I've found some plants are really hit and miss when it comes to aclimation. I've had all my nepenthes work excellent except 1, iveys were 50/50, and baby's tears either takes right off the bat or dies a fungusy death quickly! I've only got the one frosted fern, and it didn't seam to notice that it got moved.
Sib


----------



## flyangler18 (Oct 26, 2007)

> I've had all my nepenthes work excellent except 1


Yep, same here- _madagascariensis_ just doesn't seem to do well for me!


----------



## syble (Mar 20, 2007)

it was a talengensis for me, died with avengance!
Sib


----------



## KeroKero (Jun 13, 2004)

Yeah it's probably 'Frosty' if the tips are white.... it's a S. martensii cultivar if I remember correctly. Try taking cuttings off it and rooting them for use in the terrarium rather than trying to put the whole plant in (which gets kinda large anyways).
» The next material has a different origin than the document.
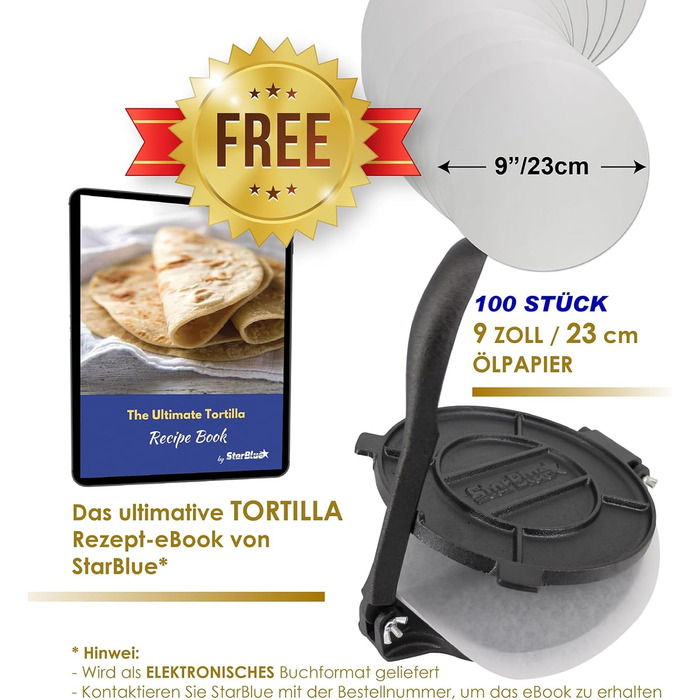 Пресс для тортилій StarBlue з чавуну, 10 дюймів (25 см) + 100 листів паперу для масла + електронна книга з рецептами - для приготування чапати, тортилій, роті (8 дюймів)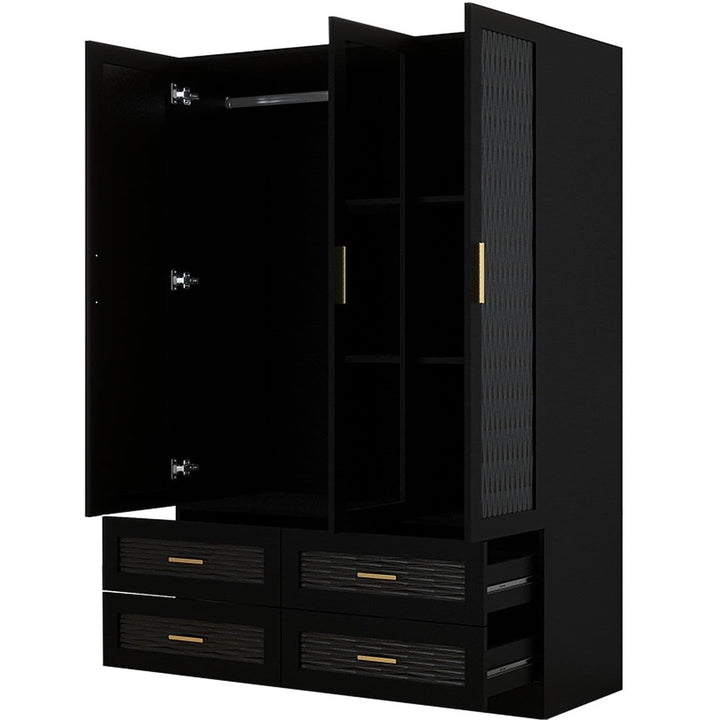 ClassyCabin Wooden Armoire Wardrobe Closet Black 3 Doors 4 Drawers Large Capacity Image 4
And I find you description of Marble Queen pothos as a "ground cover" amusing since it will do everything it can to grow UP. :lol:


----------



## gary1218 (Dec 31, 2005)

KeroKero said:


> And I find you description of Marble Queen pothos as a "ground cover" amusing since it will do everything it can to grow UP. :lol:


Bad choice of wording on my part  I guess I meant it will be along the bottom substrate so that the bottom is not just bare and will give the imis some places to hide.


----------



## KeroKero (Jun 13, 2004)

That's what the leaf litter is for  The imis will more likely use pothos as a place to climb around and call and such 

I've had luck in the past using Philo. scandens... but that also is good for when you don't want to collect eggs because they will hide them between the hanging leaves of the philo...


----------



## gary1218 (Dec 31, 2005)

KeroKero said:


> That's what the leaf litter is for  The imis will more likely use pothos as a place to climb around and call and such


That's in there too. Basically the front 1/3 of the viv is a few inches of mag leaves. The back 2/3 will be the pathos "jungle"


----------